MOORE, Okla -- They had just wrapped up a family lunch and were driving to buy a Father's Day gift.
That's when 67-year-old Robert Richter began to have chest pain and dizziness.
"It was going down hill quick. I was panicked because I had a car full of family. I was very panicky because traffic at that time was very heavy," Richter said.
He pulled into the closest parking lot, where he collapsed behind the wheel.

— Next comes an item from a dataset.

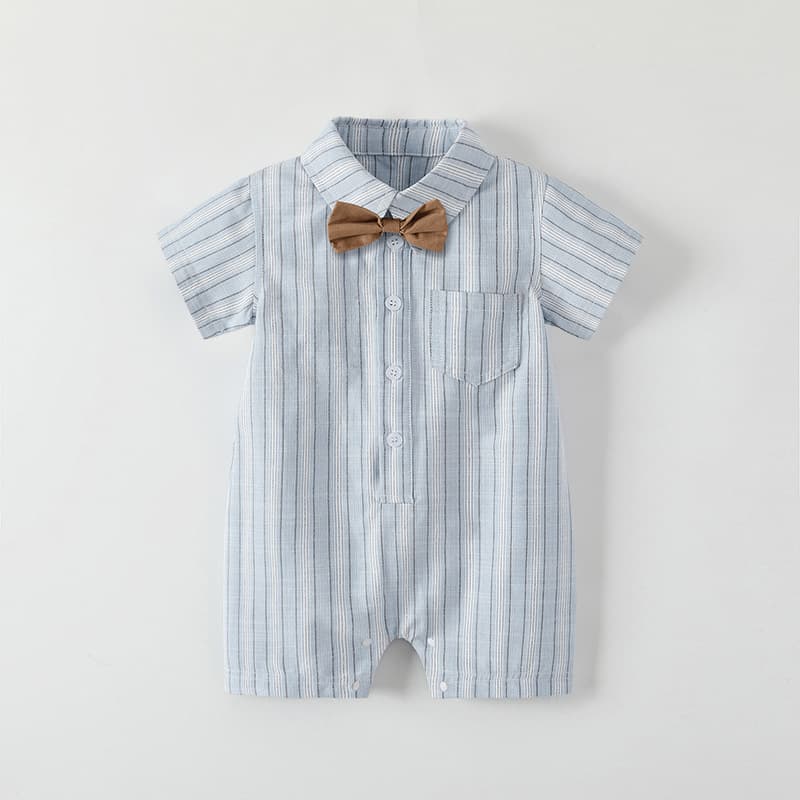Baby Boy Clothes 2026 Summer New Korean Style Gentleman Bow Tie Short Sleeve Baby Romper Thin Striped Crawling Suit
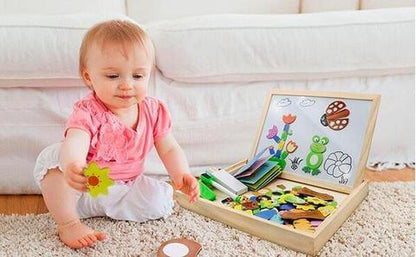 Magnetic drawing and puzzle board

Richter's 11-year-old grandson, Brody, grabbed the phone and immediately called 911 for help.
Dispatcher: "We have an ambulance on the way. Tell me exactly what happened."
Caller: "We were driving. My Pa-Pa pulled over and he can't breathe."
Dispatcher: "Is he awake?"
Caller: "Yes. Barely."
Dispatcher: "Is he breathing?"
While on the phone with dispatchers, Brody also worked to comfort his panicked baby brother and grandmother.
"He was very calm for an 11-year-old. Usually there is a lot of ranting and screaming and it's hard to figure out the information," said Heather Yazdamipour, an EMSA paramedic.
Brody knows the importance of keeping a level head during an emergency since his father, Corey, is an EMSA medic.
"You can't help the problem, only make it worse if you start freaking out," he said.
Robert now has a scar on his chest as a reminder of the freshly implanted pacemaker, and the heroics of his grandson.
"I think he did save my life." Richter said.
"I know if I didn't, something worse would have happened. He may not be alive today," Brody said.
Brody was awarded EMSA's "Everyday Hero" medal as an example of the importance of staying calm in life's most difficult situations.